Poiché questa settimana gli scambi commerciali sono stati lenti e le scorte sono a livelli relativamente elevati sul mercato interno spot, i commercianti rumeni hanno deciso di ridurre i prezzi su base settimanale per attrarre la domanda. Nel frattempo, secondo gli operatori del mercato, l’unico produttore rumeno di acciai piani, la cui produzione è ancora ferma, prevede di riprenderla e di tornare sul mercato nelle prossime settimane. Secondo le fonti, i prezzi dei coils laminati a caldo (HRC) dovrebbero variare a circa 585-590 €/t franco fabbrica.

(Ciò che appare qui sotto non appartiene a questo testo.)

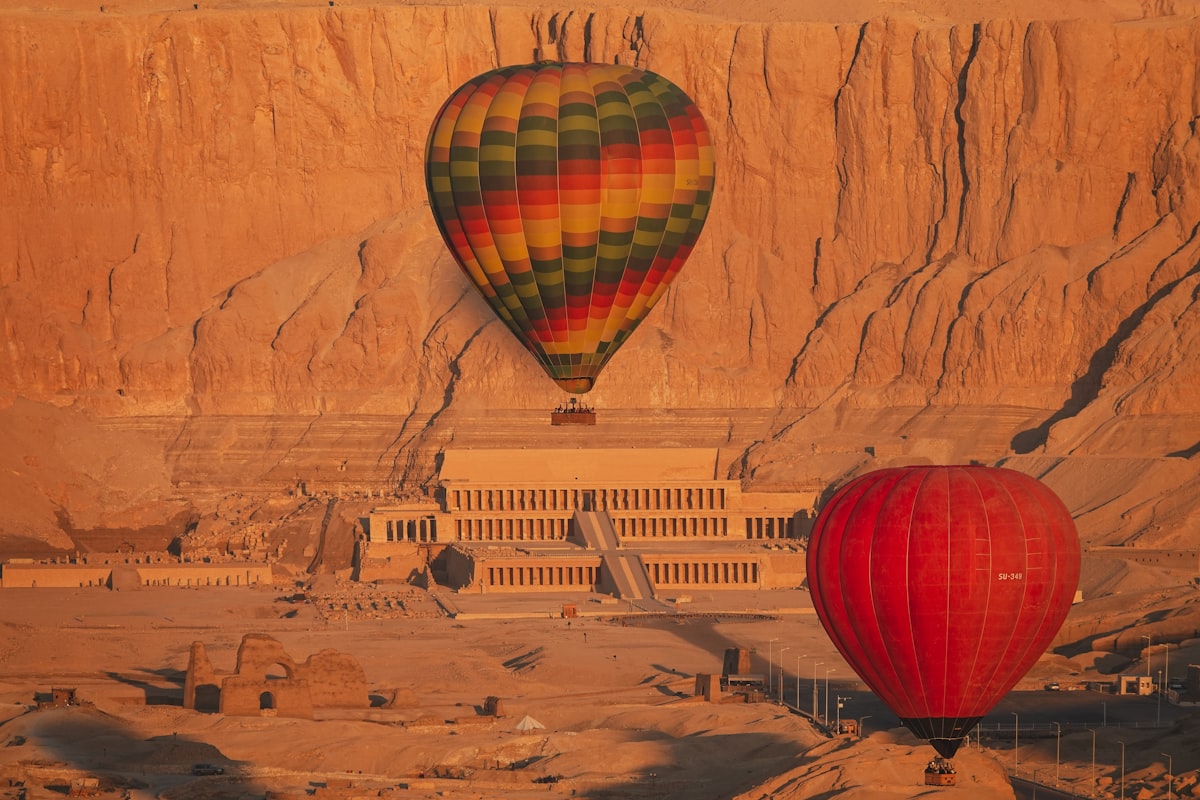 May Karnak Temple under blazing sun with few tourists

«La domanda è lenta e non ci sono segnali di ripresa, quindi stiamo monitorando per vedere cosa succederà nei prossimi giorni. Tuttavia, la ragione principale della bassa domanda sono i problemi di flusso di cassa e il fatto che molti consumatori credono che i prezzi continueranno a scendere, quindi scelgono di acquistare in piccole quantità», ha spiegato un commerciante a SteelOrbis.
Di conseguenza, mentre l'unico produttore rumeno rimane inattivo, gli operatori del mercato spot hanno quotato i prezzi dei fogli laminati a caldo e a freddo a rispettivamente a 715-735 €/t e 820-835 €/t, dai 730-735 €/t della scorsa settimana per i primi e 825-840 €/t per i secondi. Tutti i prezzi sono da intendersi franco magazzino.
Nel segmento delle importazioni, i coils laminati a caldo dalla Turchia sono rimasti stabili su base settimanale, con i prezzi FOB a circa 570-590 $/t e il trasporto intorno ai 25 €/t. Il prezzo alla Romania risulta quindi essere circa 555-570 €/t CFR. Le offerte ucraine per i fogli laminati a caldo e a freddo sono invece diminuite rispettivamente di 10 €/t su base settimanale, passando a 650-660 €/t DAP e 740-750 €/t DAP.